The overall textile and garment exports, including fibre shipments, hit $3.06 billion in May, compared with $2.55 billion a year earlier, provisional data showed. Consequently, the exports in the first two months of FY15 climbed 18% to $5.99 billion against $5.07 billion a year earlier. Garments made up for 47% of such exports.
Export of textile products grew at a much slower pace than that of garments, the data showed. While apparel shipments gained 24.9% in May, textile exports grew just 8.6%.
Textile exports have been affected by slower purchases by China, as it accounts for 40% of Indian cotton yarn exports, said DK Nair, secretary-general, Confederation of the Indian Textile Industry (CITI).
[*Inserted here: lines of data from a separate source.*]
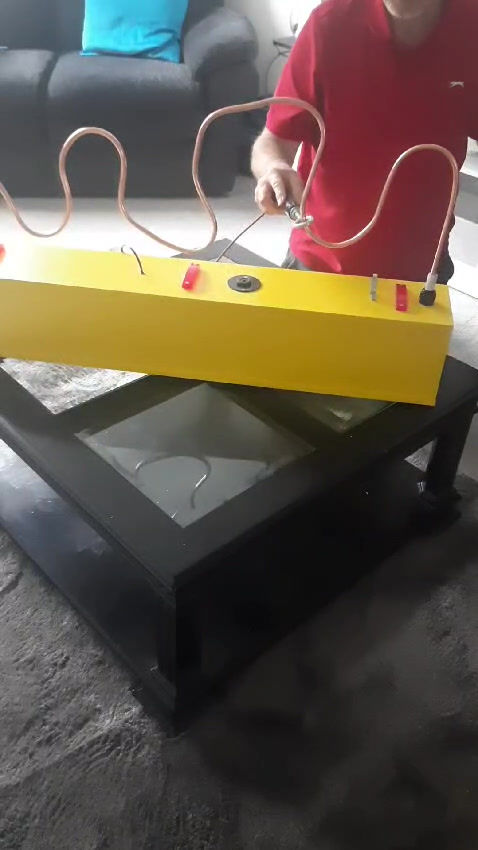 Thumbnail: Giant Buzz Wire (Table-Top)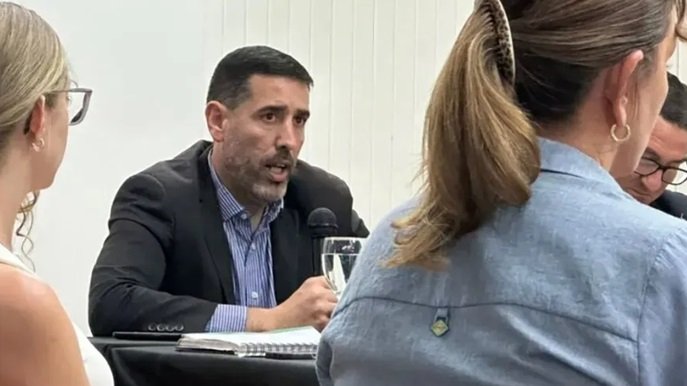 Paritaria docente: "Es la propuesta definitiva", expres贸 el presidente del CGE Paritaria docente: "Es la propuesta definitiva", expres贸 el presidente del CGE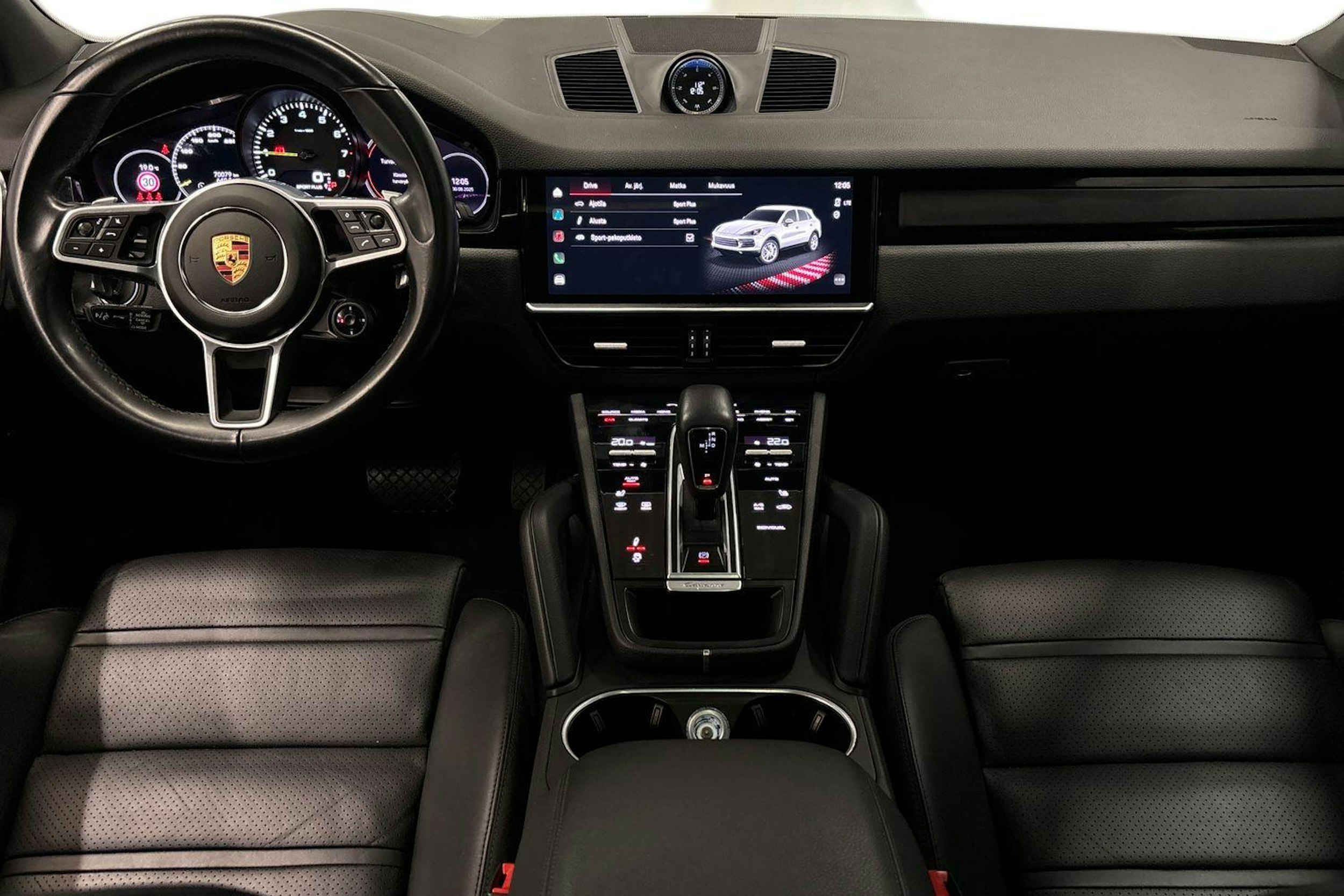 musta Porsche Cayenne 2022 kuva 9.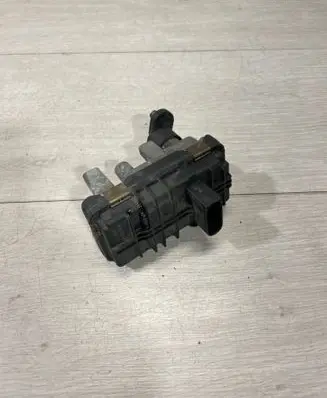 BMW 3 F30 F35 F31 Turbine electric control actuator 4933519411 6NW01043004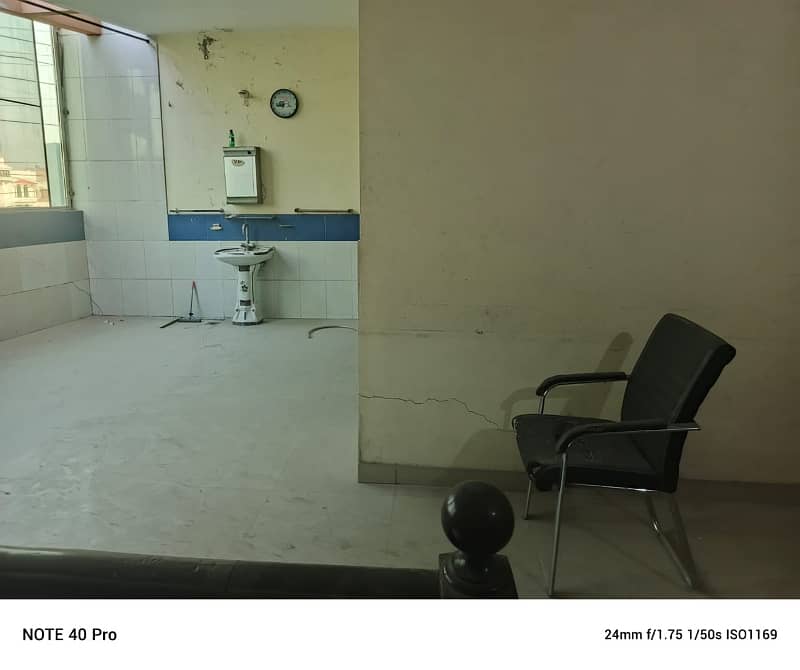 Spacious 8 Marla Commercial Floor for Rent Ideal Office Space near Nawaz Sharif Interchange 2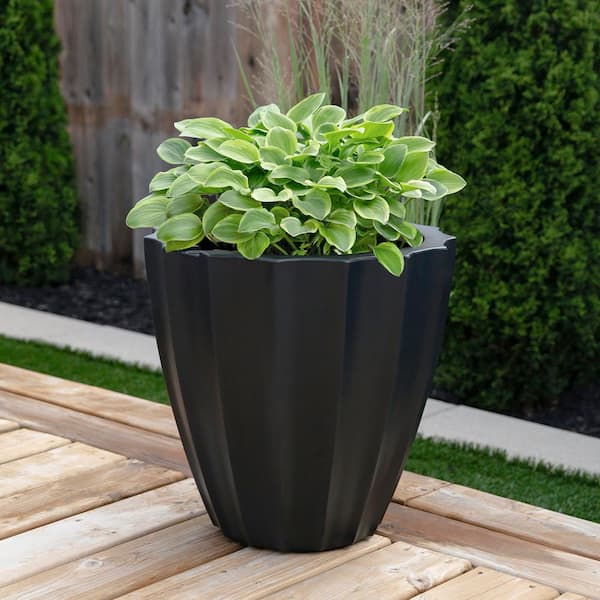 Mayne Sedona 18 in. Round Self-Watering Black Polyethylene Planter
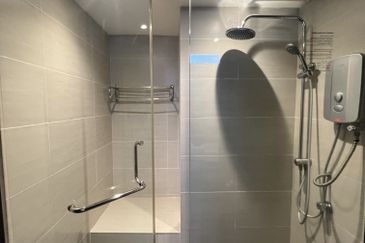 Fahrenheit 88 Condominium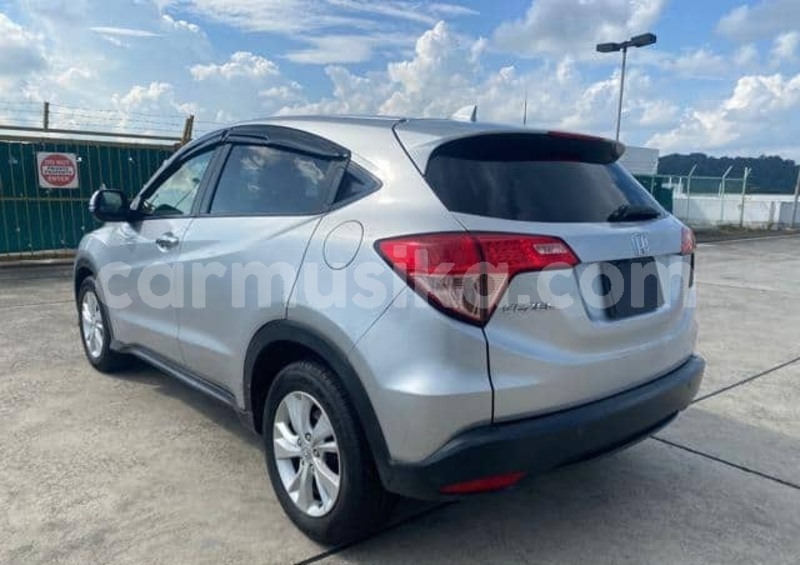 Big with watermark honda vezel matabeleland south beitbridge 38026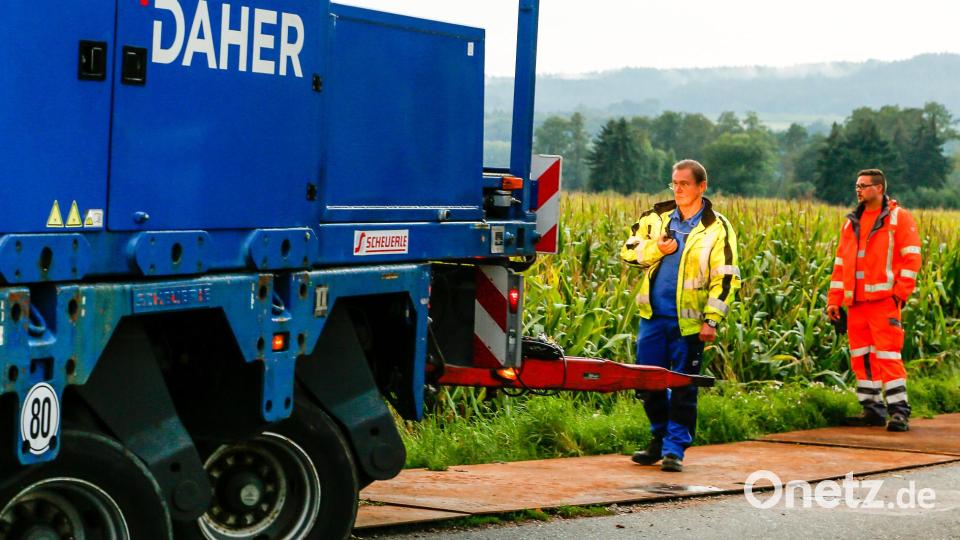 546 Tonnen bringt der Schwertransport auf die Waage, der am Montagabend vom Müllkraftwerk Dachelhofen zum Umspannwerk bei Büchelkühn rollt. Bild: Hösamer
However, the festive season demand will boost domestic consumption of textile items and a weak rupee would help exports, he said, adding if China improves its appetite in the coming months it would further brighten export prospects. The rupee has depreciated 3.4% against the dollar since June this year.
In FY14, the rupee depreciation and steady orders from the US drove up overall textile and clothing exports to $39 billion, compared with $34 billion a year earlier. However, the exports were still lower than the target of $43 billion for 2013-14 as demand recovery in the European market was slow due to a financial crisis. Textile exports are dependent on Chinese demand while the growth in garment exports hinge on the US and the EU markets.
Having slid by nearly 6% in FY13 and witnessing drop in 10 of the 12 months, garment exports started picking up from March last year as the domestic currency continued a downward journey and demand from the US started picking up due to an economic recovery. Soaring costs in China and problems in compliance of global safety norms at Bangladeshi mills also helped Indias export growth, industry executives said.